Everyone is both right and wrong to blame someone else. Georges Greater Lesser screwed the pooch like a Great Dane on a Wiener Dog in heat. Obama inherited the family Georges’ steaming heaps of dog poo. But he ran for office to get them so he can’t call backsies now.
Oh brother, that’s rich! Suddenly, George W. Bush is no longer the crazy uncle no one wants to talk about. Some key Republicans have stopped running away from him like Usain Bolt with a rocket up his ass to turn and tell the world what a magnificent ass cake the Texas Tugjob really was. With apologies to Sally Field, “They hate him, they really hate him!”
Until now if you brought up George the Lesser in Republican quarters you’d likely get an, “Um, I think I left my lights on,” with a quick exit. Sure they knew he was a carbuncle on the ass of society, but how do you cop to supporting an incompetent boob for eight years and spend the next four blaming all the steaming turds he left on someone else?

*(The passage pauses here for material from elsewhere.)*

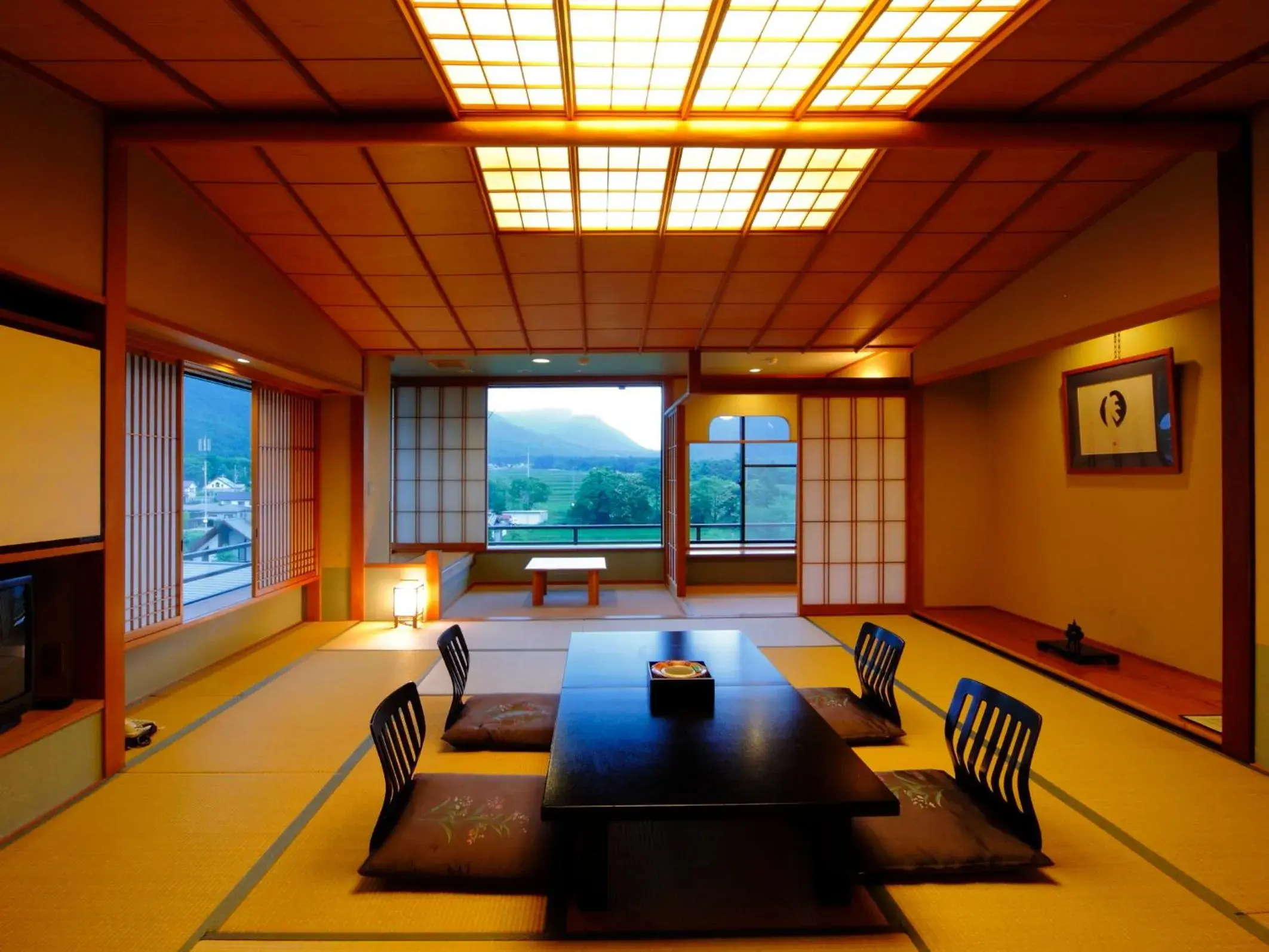 Photo of the whole room in Kurobe View Hotel Photo of the whole room in Kurobe View Hotel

It turns out you do it cravenly.
There were plenty of smoking holes left after the Shitkicker-in-Chief retired to a life of Texas Rangers baseball games and interviews about how swell it was being President. Everything from the big league economic pooch-screwing to an erosion of civil rights so complete we’re barely left with a ground down pencil nub haunts us. The Big O is responsible now, by virtue of being at the wrong place at the wrong time, but it is still an unusually big burden to bear. The screeching flock of Republican albatrosses around his neck nipping his ass doesn’t help either.